EXERCISE MATERIALS section start
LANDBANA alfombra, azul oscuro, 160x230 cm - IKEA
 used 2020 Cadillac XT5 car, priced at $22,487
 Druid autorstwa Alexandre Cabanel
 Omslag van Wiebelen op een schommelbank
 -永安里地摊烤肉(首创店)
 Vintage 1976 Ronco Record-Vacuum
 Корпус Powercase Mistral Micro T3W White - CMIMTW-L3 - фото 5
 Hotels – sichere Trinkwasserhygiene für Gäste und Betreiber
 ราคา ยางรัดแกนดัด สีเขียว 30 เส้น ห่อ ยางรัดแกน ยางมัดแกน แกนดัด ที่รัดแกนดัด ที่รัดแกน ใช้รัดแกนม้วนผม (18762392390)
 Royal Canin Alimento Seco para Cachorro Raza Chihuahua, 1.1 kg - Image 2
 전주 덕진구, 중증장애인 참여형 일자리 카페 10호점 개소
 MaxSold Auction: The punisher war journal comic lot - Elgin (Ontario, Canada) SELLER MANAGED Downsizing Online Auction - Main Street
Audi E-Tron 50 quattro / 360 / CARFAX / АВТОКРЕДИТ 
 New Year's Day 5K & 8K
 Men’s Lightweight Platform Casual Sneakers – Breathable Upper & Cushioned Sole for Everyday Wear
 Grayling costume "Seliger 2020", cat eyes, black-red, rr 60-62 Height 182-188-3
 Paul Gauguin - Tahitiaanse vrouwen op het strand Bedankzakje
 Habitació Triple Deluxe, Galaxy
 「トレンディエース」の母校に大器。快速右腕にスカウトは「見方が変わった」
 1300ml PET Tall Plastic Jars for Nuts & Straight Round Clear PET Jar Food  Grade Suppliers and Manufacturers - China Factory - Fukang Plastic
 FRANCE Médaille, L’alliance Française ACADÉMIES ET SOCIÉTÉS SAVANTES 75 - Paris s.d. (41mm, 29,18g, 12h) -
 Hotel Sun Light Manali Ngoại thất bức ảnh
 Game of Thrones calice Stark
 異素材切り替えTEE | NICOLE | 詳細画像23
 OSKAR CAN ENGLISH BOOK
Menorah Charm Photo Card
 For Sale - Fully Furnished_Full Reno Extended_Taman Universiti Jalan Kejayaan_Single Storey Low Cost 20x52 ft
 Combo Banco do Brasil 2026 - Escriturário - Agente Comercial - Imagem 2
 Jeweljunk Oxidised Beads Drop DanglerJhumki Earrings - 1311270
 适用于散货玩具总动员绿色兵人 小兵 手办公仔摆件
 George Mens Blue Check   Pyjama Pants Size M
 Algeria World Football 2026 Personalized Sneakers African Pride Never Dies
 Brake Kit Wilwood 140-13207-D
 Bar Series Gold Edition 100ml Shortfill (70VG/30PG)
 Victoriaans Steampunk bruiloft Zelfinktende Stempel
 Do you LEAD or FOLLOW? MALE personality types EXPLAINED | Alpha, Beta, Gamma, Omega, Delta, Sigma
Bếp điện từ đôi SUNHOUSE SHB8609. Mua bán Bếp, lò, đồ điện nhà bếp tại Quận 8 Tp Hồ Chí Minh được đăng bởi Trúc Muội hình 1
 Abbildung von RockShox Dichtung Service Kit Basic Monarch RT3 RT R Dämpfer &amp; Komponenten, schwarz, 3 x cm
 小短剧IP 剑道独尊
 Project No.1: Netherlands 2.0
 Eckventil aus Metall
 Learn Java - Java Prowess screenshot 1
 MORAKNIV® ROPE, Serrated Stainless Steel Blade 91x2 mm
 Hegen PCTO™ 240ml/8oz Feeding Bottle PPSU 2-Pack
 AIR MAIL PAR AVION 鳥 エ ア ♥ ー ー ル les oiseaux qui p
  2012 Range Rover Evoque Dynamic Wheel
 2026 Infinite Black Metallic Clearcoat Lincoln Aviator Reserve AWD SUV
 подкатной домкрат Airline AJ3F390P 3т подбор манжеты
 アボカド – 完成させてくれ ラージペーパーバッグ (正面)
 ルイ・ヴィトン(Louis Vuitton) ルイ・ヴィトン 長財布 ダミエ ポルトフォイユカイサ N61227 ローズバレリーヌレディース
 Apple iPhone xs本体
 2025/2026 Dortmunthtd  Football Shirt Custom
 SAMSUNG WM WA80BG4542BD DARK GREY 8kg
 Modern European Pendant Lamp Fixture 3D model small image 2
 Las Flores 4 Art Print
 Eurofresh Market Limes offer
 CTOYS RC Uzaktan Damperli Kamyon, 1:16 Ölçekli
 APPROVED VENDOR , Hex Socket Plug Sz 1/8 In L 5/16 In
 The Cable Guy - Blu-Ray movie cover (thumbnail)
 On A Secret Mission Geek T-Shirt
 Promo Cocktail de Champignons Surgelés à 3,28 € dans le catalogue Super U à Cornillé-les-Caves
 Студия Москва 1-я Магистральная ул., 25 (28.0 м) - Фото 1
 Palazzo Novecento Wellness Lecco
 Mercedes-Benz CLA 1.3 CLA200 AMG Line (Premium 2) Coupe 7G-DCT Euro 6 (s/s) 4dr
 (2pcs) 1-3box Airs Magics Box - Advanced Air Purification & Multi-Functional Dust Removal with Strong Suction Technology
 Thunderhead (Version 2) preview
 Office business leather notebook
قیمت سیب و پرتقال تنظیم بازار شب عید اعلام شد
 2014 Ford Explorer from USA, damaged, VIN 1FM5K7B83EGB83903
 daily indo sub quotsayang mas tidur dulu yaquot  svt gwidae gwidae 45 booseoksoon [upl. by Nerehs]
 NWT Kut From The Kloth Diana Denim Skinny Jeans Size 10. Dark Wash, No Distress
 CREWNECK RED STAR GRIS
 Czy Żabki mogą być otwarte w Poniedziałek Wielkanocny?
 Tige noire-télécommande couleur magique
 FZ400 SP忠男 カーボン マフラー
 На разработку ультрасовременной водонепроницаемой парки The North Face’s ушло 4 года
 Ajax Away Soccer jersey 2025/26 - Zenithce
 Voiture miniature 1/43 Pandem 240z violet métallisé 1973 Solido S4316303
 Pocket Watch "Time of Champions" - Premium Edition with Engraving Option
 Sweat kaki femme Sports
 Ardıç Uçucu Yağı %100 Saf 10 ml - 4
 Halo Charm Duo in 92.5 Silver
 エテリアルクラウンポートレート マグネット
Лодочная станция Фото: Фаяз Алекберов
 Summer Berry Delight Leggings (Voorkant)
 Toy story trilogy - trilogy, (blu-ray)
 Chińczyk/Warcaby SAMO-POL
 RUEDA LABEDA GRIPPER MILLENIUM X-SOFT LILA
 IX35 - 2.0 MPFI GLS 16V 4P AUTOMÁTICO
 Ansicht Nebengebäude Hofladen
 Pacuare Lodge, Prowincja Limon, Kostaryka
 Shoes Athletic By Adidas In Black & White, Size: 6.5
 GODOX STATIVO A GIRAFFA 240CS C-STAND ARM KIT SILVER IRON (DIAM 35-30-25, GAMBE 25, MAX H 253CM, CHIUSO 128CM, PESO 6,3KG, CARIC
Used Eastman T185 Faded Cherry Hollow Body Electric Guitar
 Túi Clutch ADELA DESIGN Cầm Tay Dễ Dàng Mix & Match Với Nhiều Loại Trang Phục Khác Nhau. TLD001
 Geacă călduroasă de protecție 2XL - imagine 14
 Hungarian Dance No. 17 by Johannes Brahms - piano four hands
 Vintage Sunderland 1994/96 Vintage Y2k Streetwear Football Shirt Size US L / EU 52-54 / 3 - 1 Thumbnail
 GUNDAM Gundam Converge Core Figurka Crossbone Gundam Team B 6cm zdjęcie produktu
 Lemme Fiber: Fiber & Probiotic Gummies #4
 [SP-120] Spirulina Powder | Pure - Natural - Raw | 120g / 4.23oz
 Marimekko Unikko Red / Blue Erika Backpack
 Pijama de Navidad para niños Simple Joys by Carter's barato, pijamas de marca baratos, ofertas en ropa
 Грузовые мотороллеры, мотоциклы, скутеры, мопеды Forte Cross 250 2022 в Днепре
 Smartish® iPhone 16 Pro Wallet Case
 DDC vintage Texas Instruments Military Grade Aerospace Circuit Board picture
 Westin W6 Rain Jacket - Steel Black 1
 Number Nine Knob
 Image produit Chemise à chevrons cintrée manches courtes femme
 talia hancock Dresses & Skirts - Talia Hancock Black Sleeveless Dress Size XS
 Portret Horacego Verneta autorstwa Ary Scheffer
EXERCISE MATERIALS section end
__YOUR INSTRUCTIONS__. Please transcribe the data above without changes, from its first line to its "Корпус Powercase Mistral" line, and leave out anything past that.

__TASK RESPONSE__.
LANDBANA alfombra, azul oscuro, 160x230 cm - IKEA
 used 2020 Cadillac XT5 car, priced at $22,487
 Druid autorstwa Alexandre Cabanel
 Omslag van Wiebelen op een schommelbank
 -永安里地摊烤肉(首创店)
 Vintage 1976 Ronco Record-Vacuum
 Корпус Powercase Mistral Micro T3W White - CMIMTW-L3 - фото 5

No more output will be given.